The film deftly balances poignant reflections of life’s curious paths with Murray’s typical brand of deadpan comedy. A film that should have received as much attention as Translation, it sadly flew under most people’s radar.
6 Sightseers (2012)
Ben Wheatley has been steadily cranking out some of the most inventive genre films of the past 20 years since breaking out with Kill List. This follow-up effort is a dark comedy that was written by and stars Alice Lowe and Steve Oram as a couple taking a road trip that soon turns into a deadly and hilarious descent into Hell.
Wheatley’s sensibilities behind the camera perfectly align with the couple’s script and performances, creating a uniquely brutal comedic experience that often gets lost in the shuffle of the director’s flashier works, such as Free Fire.

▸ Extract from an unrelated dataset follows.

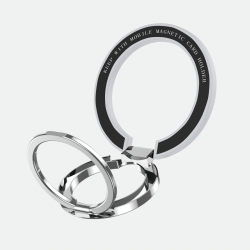 phone ring compatible with wireless charging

5 The Last Detail (1973) / Last Flag Flying (2017)
Though officially speaking, the two films are not sequels, they are undeniably companion pieces. The Last Detail features one of Jack Nicholson’s most overlooked and eccentric performances as one of two Naval officers tasked with escorting a cowardly young man to serve his jail time.

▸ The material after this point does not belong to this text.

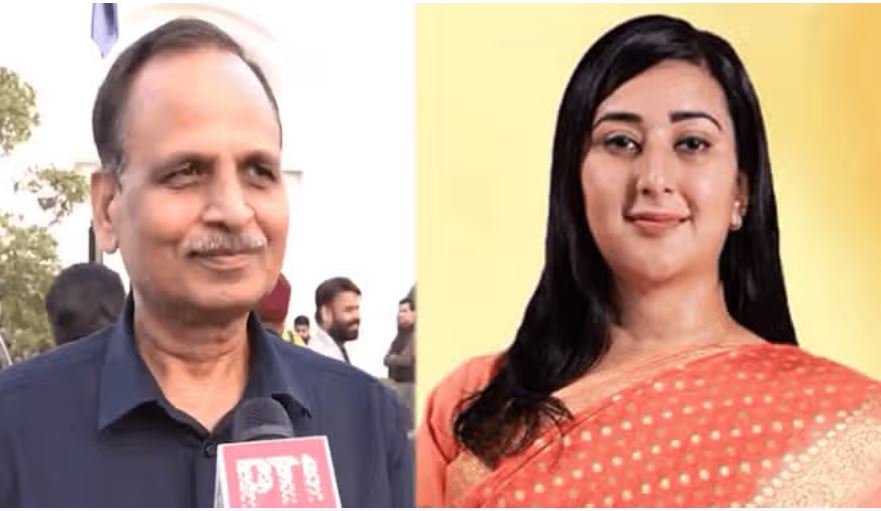 सत्येंद्र जैन की याचिका पर दिल्ली कोर्ट में सुनवाई, बांसुरी स्वराज को भेजा नोटिस
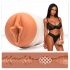 Fleshlight Autumn Falls Cream - realistyczna pochwa (naturalna)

Richard Linklater’s 2017 film picks up the story years later when the young man, now middle-aged, requests the two older officers to accompany him to retrieve his son’s body, a soldier killed in Iraq. Last Flag Flying, in particular, was quickly forgotten about when it should have been acclaimed as one of the year’s best films.
4 The Adventures of Priscilla, Queen of the Desert (1994)

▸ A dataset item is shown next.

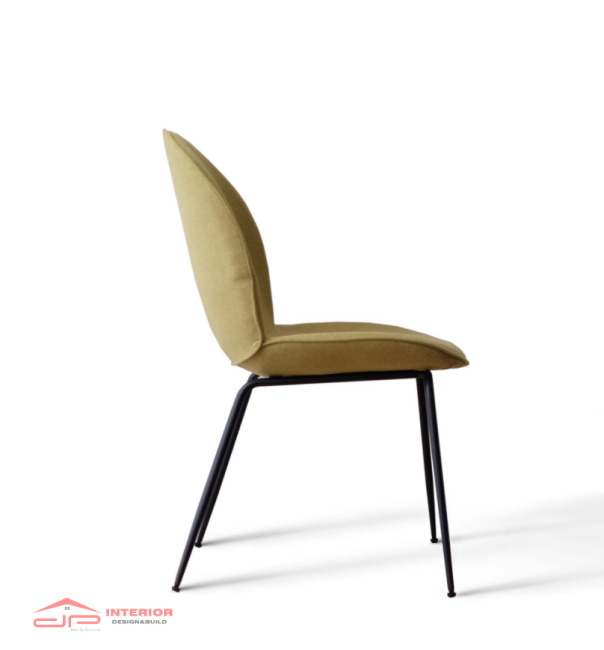 Ghế G23 Beetle Avocado Green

This is a wacky and heartwarming film about a transgender woman and her two drag queen friends as they travel around in a van they’ve nicknamed “Priscilla.” The film is funny and well-directed by screenwriter Stephan Elliott, but the film’s major achievement comes in the form of the three lead performances.
Terence Stamp, known for his villainous roles, is particularly amazing as the aforementioned woman. The film is in many ways ahead of its time and is just the kind of film we need right now.
3 Withnail and I (1987)
If Downton Abbey can rule the American imagination on both the small and big screens, then Bruce Robinson’s almost unbearably British cult classic Withnail and I has just as good a chance of a delayed crossover. The film’s singular blend of literary tragedy with some of the wittiest one-line based dialogue ever committed to type makes it one of the very best films from the 1980s.
Unfortunately, the film has never had the same level of success in America as it has in Europe, though if it were to be placed on a streaming service, the probability of finding late-night fame is high.
2 Into The Wild (2007)
Being remembered as a great film and being considered a “modern classic” are two very different legacies. Sean Penn’s film Into the Wild is remembered as a great film. Adapting John Krakauer’s brilliant real-life account of Christopher McCandless, a man who left his comfortable life to hike across the country in search of meaning and purpose.
Unfortunately, the story is ultimately a tragic one. Penn’s film manages to capture the essence of profound traveling, the naturalistic feel and look of the film is just right for the material. It’s beautiful and heartbreaking. It’s a modern classic.
1 American Honey (2016)
Andrea Arnold is one of the most ambitious indie filmmakers producing work right now. Her first masterpiece, and one of the best films of the decade, is 2016’s American Honey. At nearly three-hours long, the film is something of a quiet epic that sprawls across the country telling the story of a group of young men and women in the door-to-door sales business.
The film’s central narrative is the relationship between a recruiter, played in a career performance by Shia LaBeouf, and the “new girl” played by Sasha Lane in her first role. American Honey is one of the best road trip films of all time and deserves to be known as such.